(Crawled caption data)
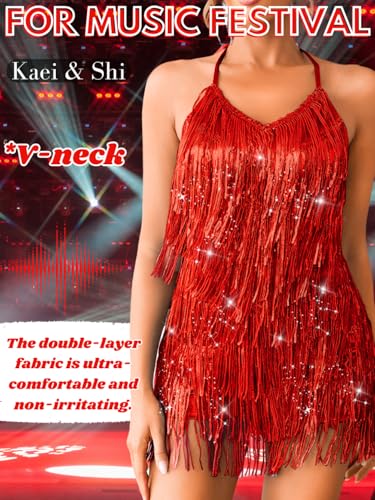Image of Kaei&Shi Sequin Fringe Romper,Sparkly Glitter Metallic Jumpsuits For Women,Backless Shorts Dress Disco Birthday Dance Outfit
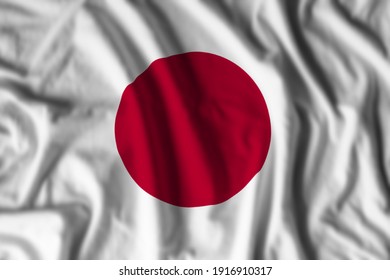Japan flag realistic waving for design on independence day or other state holiday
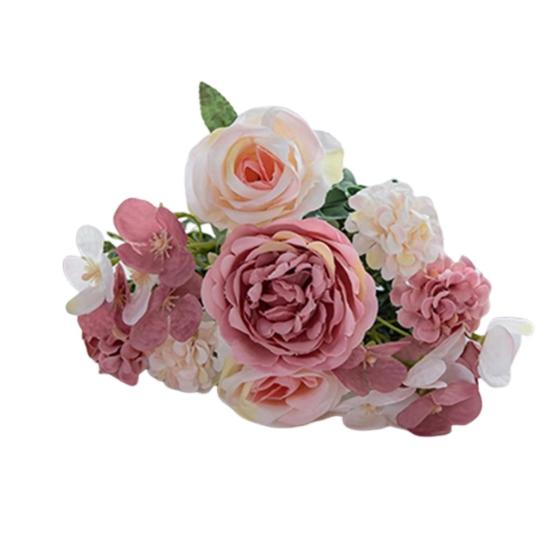 Artificial Rose Bouquet Realistic Fake Silk Flower with Green Leaves Home Wedding Party Table Centerpiece Indoor Outdoor Faux Bloom Decoration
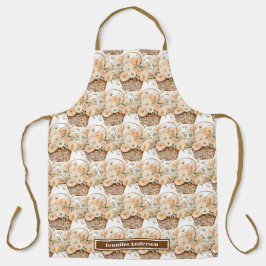 サイズ大ガーリー桃フローラバスケットプリントエプロン エプロン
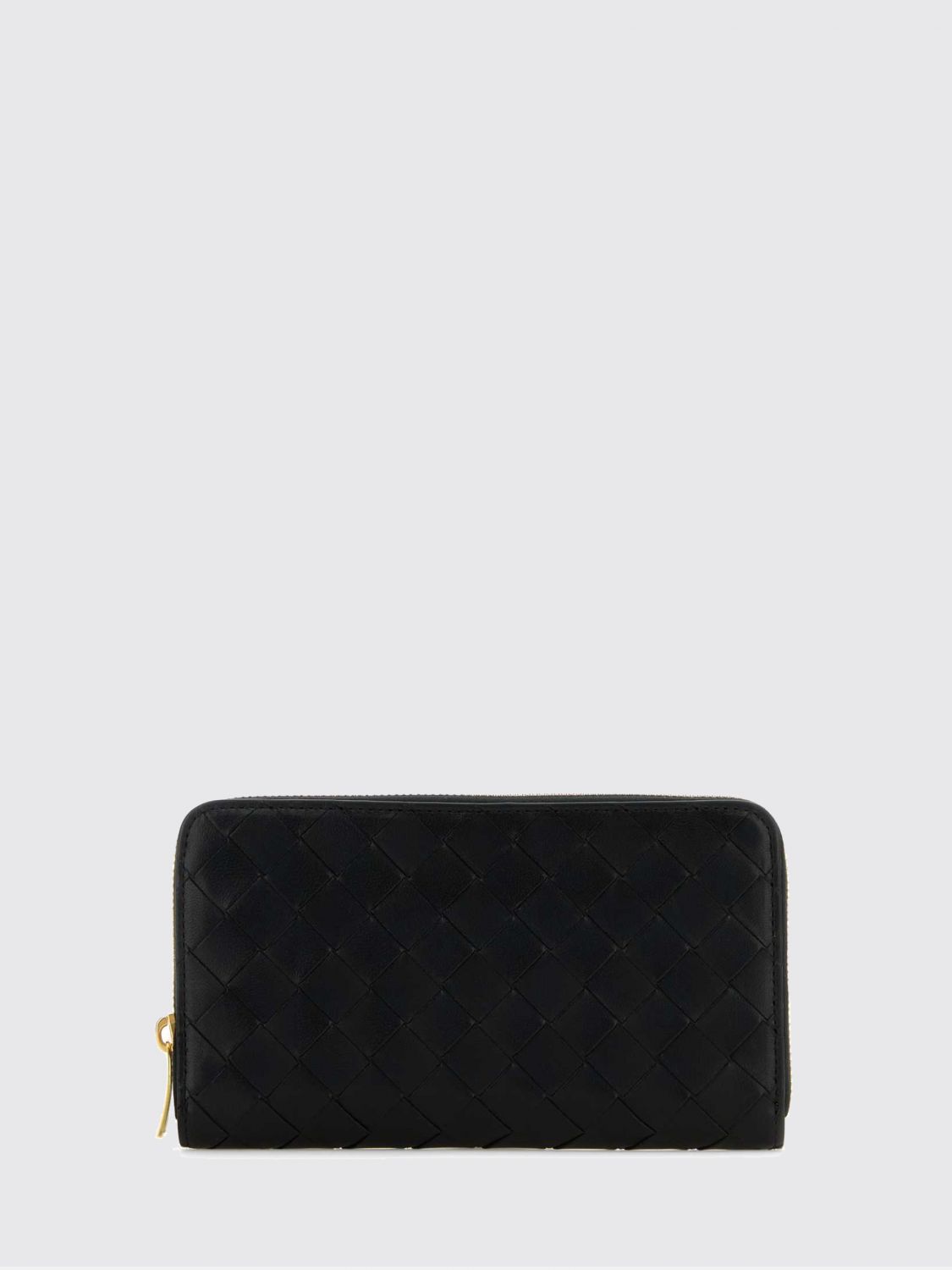 intrecciato leather continental zip-around wallet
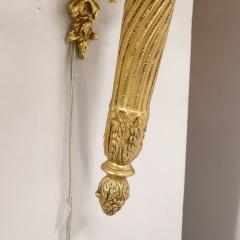 Pair of Neoclassical Torch Sconces in Frosted Glass and Antique Brass - 3645301
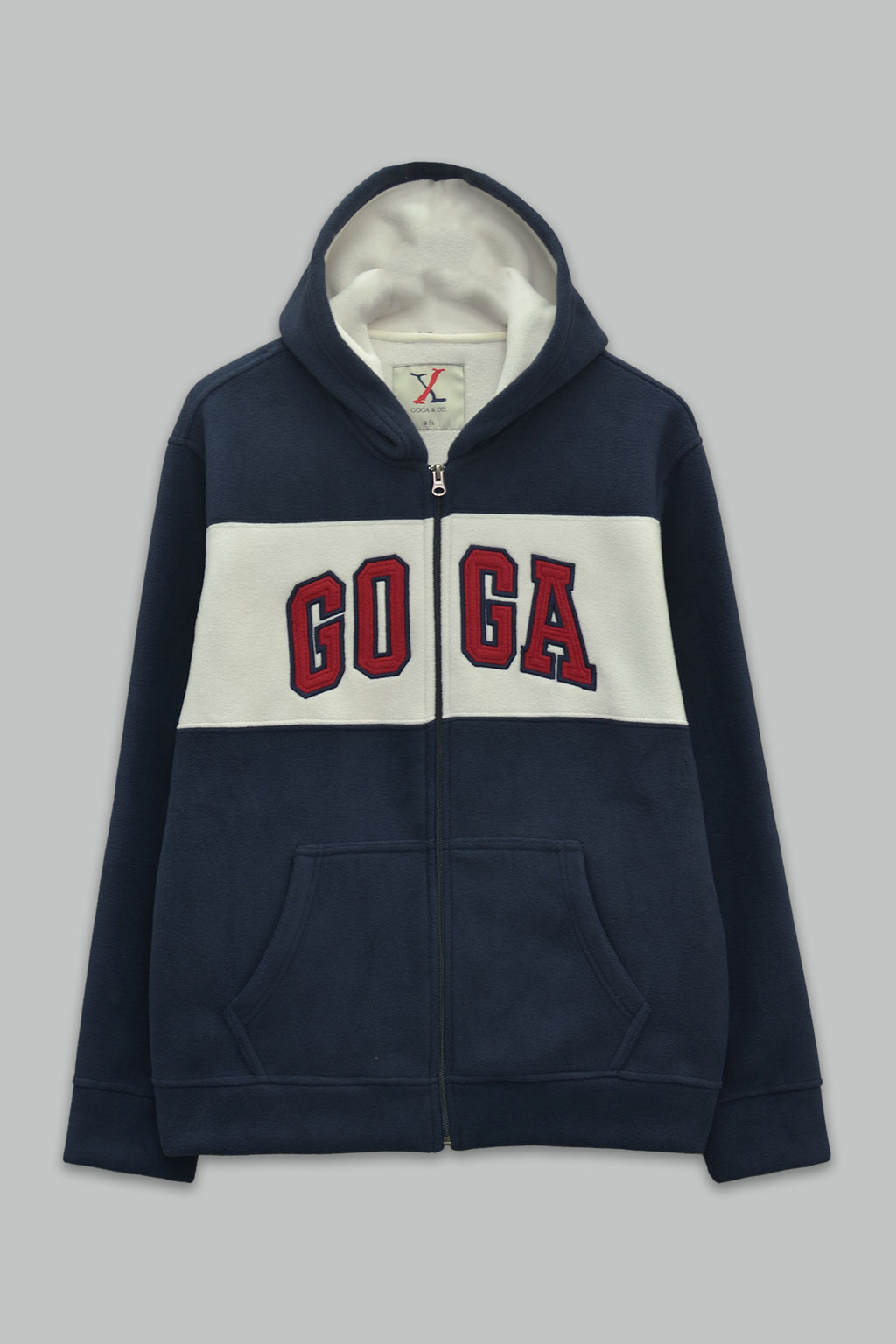 Sudadera polar para hombre, bordada con manga larga, bolsas frontales y cierre.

- AIM OF THE EXERCISE -
Every line from the top of the records above to the line with "Japan flag realistic", inclusive, should be duplicated exactly, minus the pictures.

- TASK OUTPUT -
Image of Kaei&Shi Sequin Fringe Romper,Sparkly Glitter Metallic Jumpsuits For Women,Backless Shorts Dress Disco Birthday Dance Outfit
Japan flag realistic waving for design on independence day or other state holiday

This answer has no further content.